How to complete this task: Your copy should hold exactly the lines from the one containing "Grey Printed Silk" through the last line of the entries, and no pictures.

START Exercise material

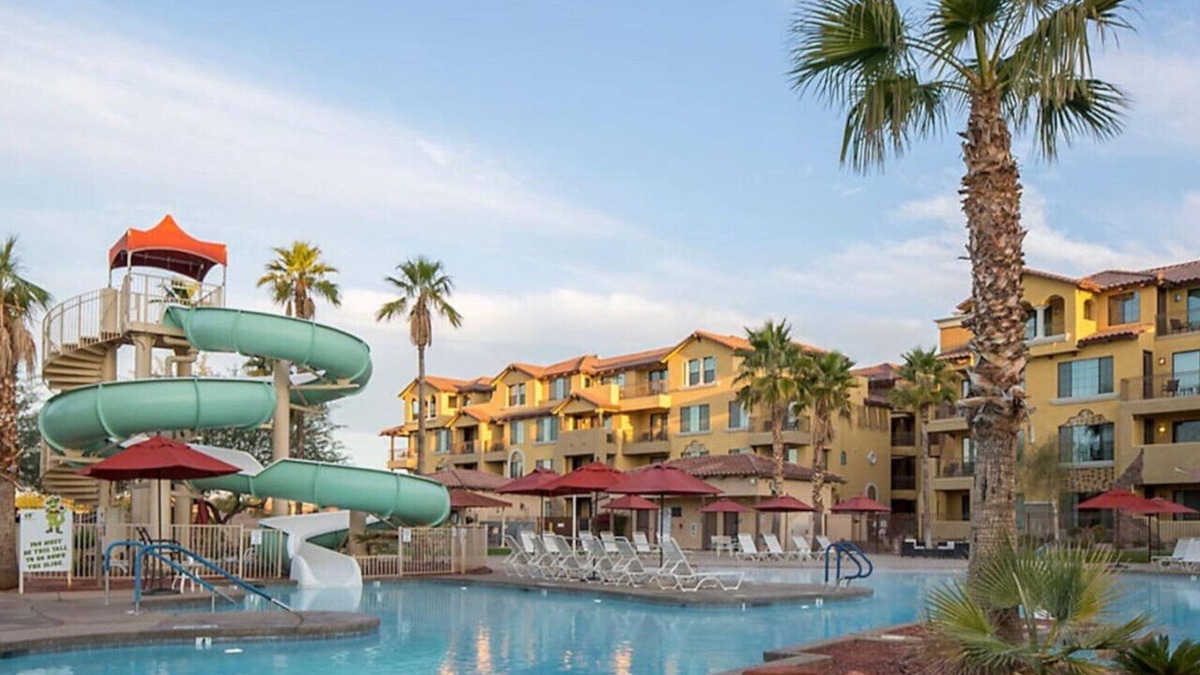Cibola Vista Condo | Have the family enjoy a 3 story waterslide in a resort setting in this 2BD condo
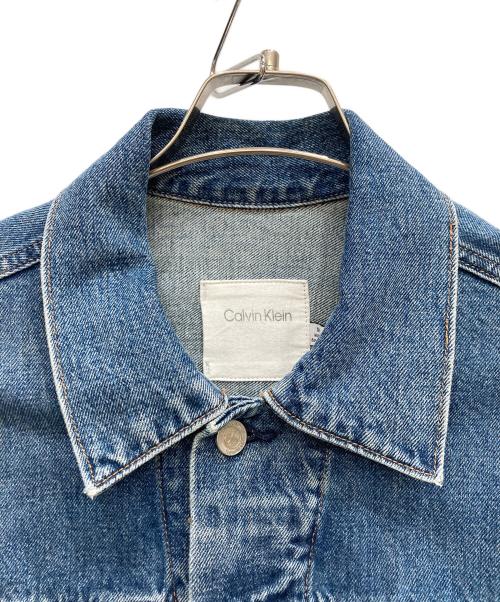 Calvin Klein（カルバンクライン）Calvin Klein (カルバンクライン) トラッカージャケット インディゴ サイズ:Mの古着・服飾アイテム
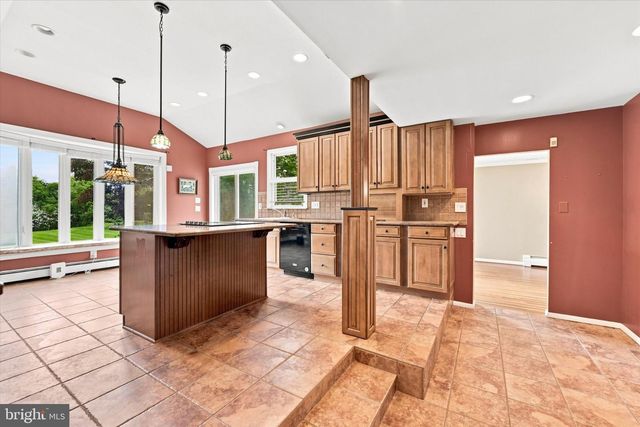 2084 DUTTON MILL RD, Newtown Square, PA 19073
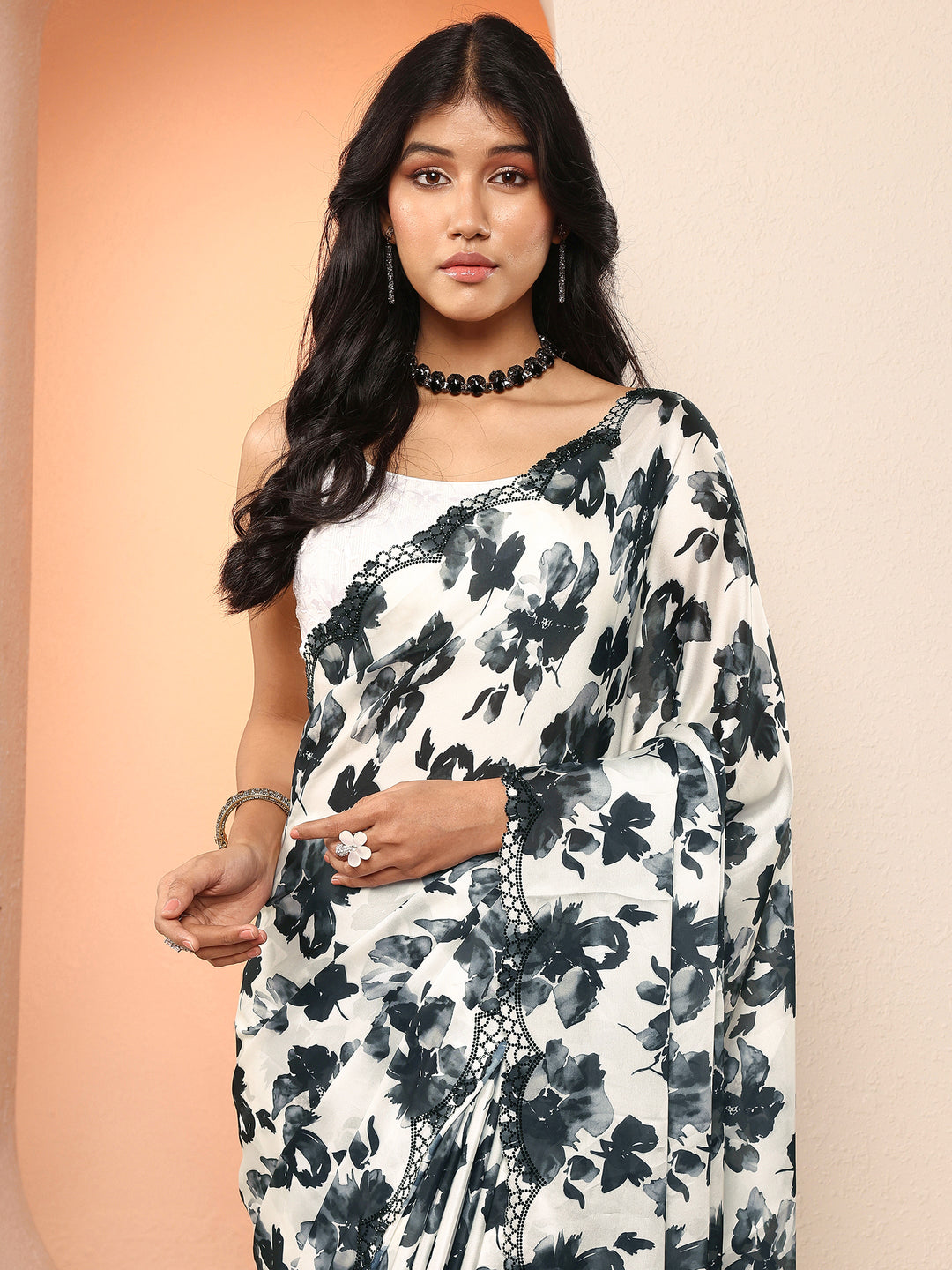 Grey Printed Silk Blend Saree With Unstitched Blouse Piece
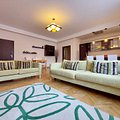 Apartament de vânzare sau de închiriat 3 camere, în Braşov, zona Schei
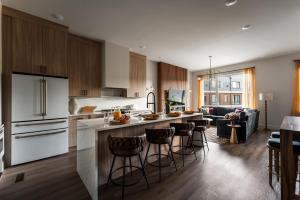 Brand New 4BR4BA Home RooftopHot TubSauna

END Exercise material

Result of the exercise:
 Grey Printed Silk Blend Saree With Unstitched Blouse Piece
 Apartament de vânzare sau de închiriat 3 camere, în Braşov, zona Schei
 Brand New 4BR4BA Home RooftopHot TubSauna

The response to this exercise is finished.